Les deux approches sont similaires en plusieurs points :
• toutes deux de nature déterministe, elles impliquent la transformation des données
bioanalytiques sur une échelle unique, de façon à les rendre comparables,
• les deux approches requièrent : (i) la transformation des réponses bioanalytiques en
Unité Toxique (UT) – expression quantitative du potentiel toxique des substances
dans un échantillon – sans tenir compte de substances responsables de la toxicité
observée, et (ii) le calcul de leur moyenne. Les UTs se calculent comme suit : UT =
100/mesure, où la réponse peut être exprimée de différentes façons. Dans le cas du
BEEP, les réponses toxiques sont rapportées en concentration seuil d’effet (CSE), ce
qui représente la moyenne géométrique de la concentration minimale dans une série
de dilutions à laquelle des effets nocifs sont observés (CMEO) et la concentration la
plus élevée sans effet observé (CSEO). La CSE représente un estimé de la
concentration d’effluent à partir de laquelle un effet toxique peut se manifester. Dans
le cas du SED-TOX, les réponses toxiques varient selon le bioessai utilisé.

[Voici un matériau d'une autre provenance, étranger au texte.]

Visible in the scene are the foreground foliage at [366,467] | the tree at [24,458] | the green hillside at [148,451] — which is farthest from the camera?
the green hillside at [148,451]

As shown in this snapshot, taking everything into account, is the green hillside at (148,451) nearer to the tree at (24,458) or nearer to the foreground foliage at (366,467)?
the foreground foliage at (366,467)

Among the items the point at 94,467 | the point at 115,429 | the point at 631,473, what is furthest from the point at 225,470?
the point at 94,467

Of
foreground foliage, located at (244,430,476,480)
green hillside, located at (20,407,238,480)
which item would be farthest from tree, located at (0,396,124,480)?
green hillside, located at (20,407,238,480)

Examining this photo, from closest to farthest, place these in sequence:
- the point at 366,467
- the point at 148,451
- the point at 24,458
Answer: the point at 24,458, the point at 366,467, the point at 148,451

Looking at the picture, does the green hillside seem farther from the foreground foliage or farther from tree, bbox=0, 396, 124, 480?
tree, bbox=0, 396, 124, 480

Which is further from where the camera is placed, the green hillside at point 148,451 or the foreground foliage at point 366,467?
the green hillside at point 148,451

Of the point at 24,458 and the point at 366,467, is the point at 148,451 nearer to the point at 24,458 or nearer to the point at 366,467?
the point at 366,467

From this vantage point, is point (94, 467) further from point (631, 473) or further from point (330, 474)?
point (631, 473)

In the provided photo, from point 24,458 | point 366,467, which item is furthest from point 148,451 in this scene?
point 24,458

• l’intégration des données bioanalytiques en une valeur unique et sa transformation en
unité logarithmique, augmentant ainsi son potentiel discriminant, est une autre
similarité liant les deux indices.
Les deux approches présentent toutefois des distinctions notables. Elles sont principalement liées
aux spécificités des matrices environnementales évaluées (i.e., liquides dans le cas du BEEP et
liquides/solides dans le cas du SED-TOX).

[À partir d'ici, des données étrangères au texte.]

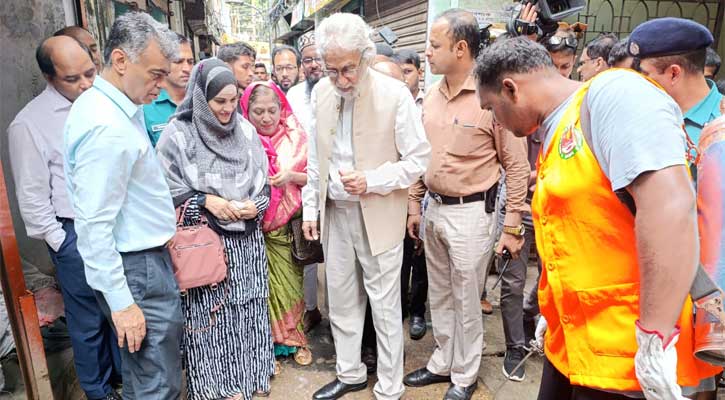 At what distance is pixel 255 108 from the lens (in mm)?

• Puisque le SED-TOX s’applique à des échantillons de sédiments, il doit tenir compte
de la diversité de phases possibles d’exposition, certaines étant de nature aqueuse
(e.g., eau interstitielle, extrait organique) ou solide (i.e., phase solide-humide et
sédiment entier). Cette complexité se retrouve dans le calcul de l’indice SED-TOX
qui comporte cinq étapes de conversion des données avant leur intégration dans une
valeur globale. En revanche, le BEEP n’en comporte qu’une seule (i.e.,
transformation en UTs).
• De plus, dans le calcul de l’indice BEEP, chaque bioessai a un poids identique, sans
égard à sa sensibilité relative. Dans l’approche SED-TOX, un poids plus élevé est
attribué aux bioessais de toxicité aiguë (voir § 2.3.8.1).
• Le SED-TOX attribue également un poids moins élevé aux bioessais réalisés sur
extraits organiques car leur pertinence environnementale est moins importante en
raison des changements que peut causer la procédure d’extraction sur la
biodisponibilité des contaminants.
• Une autre distinction entre le BEEP et le SED-TOX comprend l’établissement de
classes de danger potentiel. Ces classes de toxicité (i.e., marginale, faible, moyenne,
élevée) ont été établies à partir de données existantes (voir le Chapitre III pour des
détails sur la détermination des classes). La classe « marginale » a été établie à partir
de données provenant de sites de référence relativement non contaminés localisés
dans le fleuve Saint-Laurent. Un indice SED-TOX élevé pour un site indique une
probabilité de danger plus élevée pour les organismes exposés.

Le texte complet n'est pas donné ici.